The problem —
The answer should hold only the lines from the beginning of the listing below to the line containing "Light alloy wheel", both included, with every picture left out.

Data —
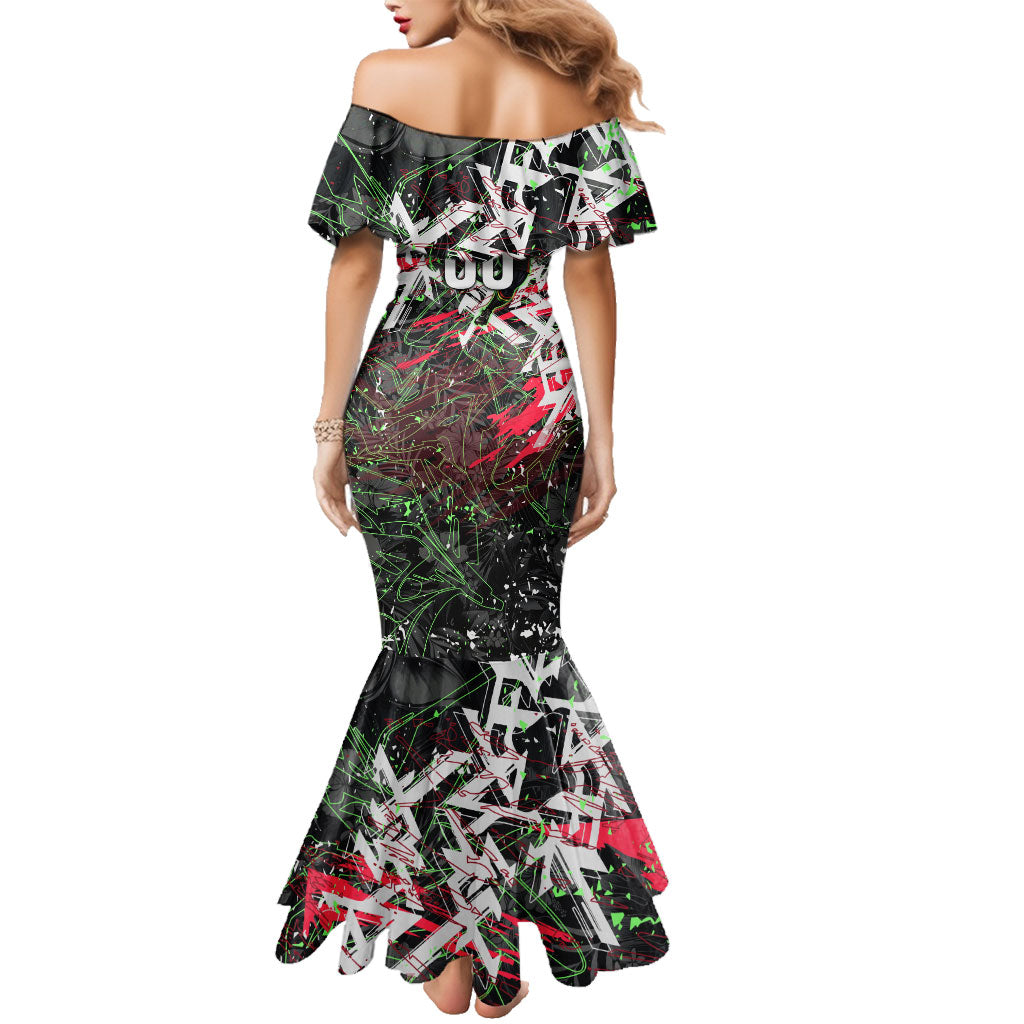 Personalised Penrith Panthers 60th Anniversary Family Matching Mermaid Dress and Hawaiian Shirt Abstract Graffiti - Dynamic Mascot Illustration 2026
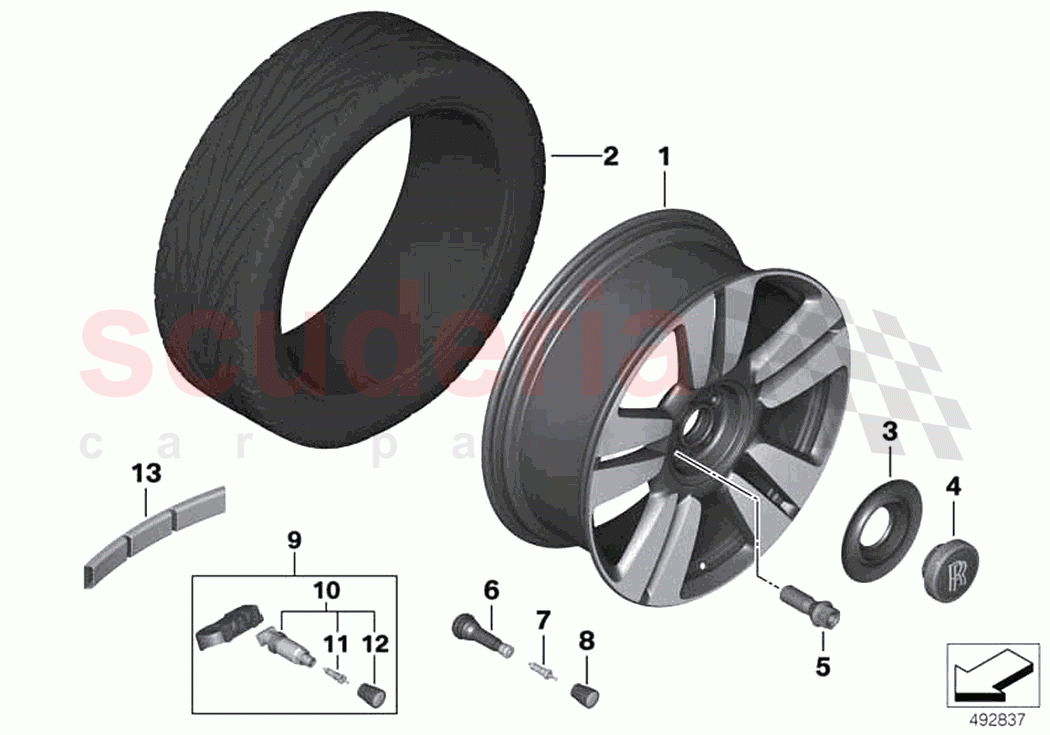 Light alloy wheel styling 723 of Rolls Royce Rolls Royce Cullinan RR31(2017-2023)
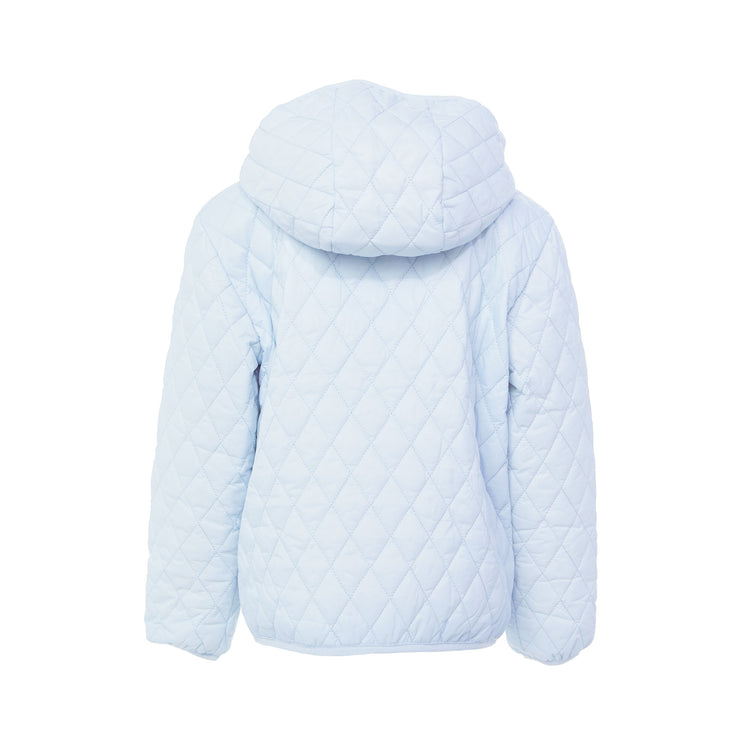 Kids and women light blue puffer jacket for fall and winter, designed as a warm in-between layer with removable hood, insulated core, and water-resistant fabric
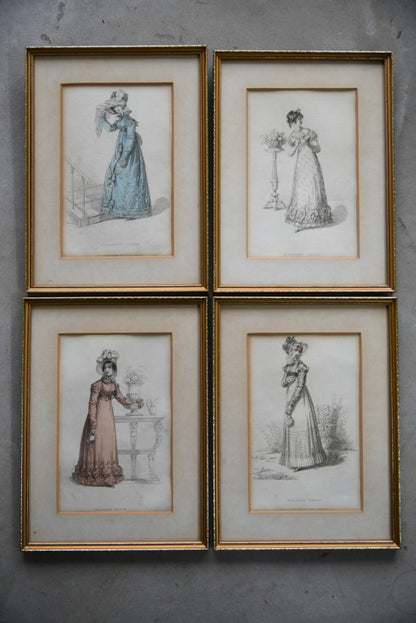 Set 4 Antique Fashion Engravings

Task solution —
 Personalised Penrith Panthers 60th Anniversary Family Matching Mermaid Dress and Hawaiian Shirt Abstract Graffiti - Dynamic Mascot Illustration 2026
 Light alloy wheel styling 723 of Rolls Royce Rolls Royce Cullinan RR31(2017-2023)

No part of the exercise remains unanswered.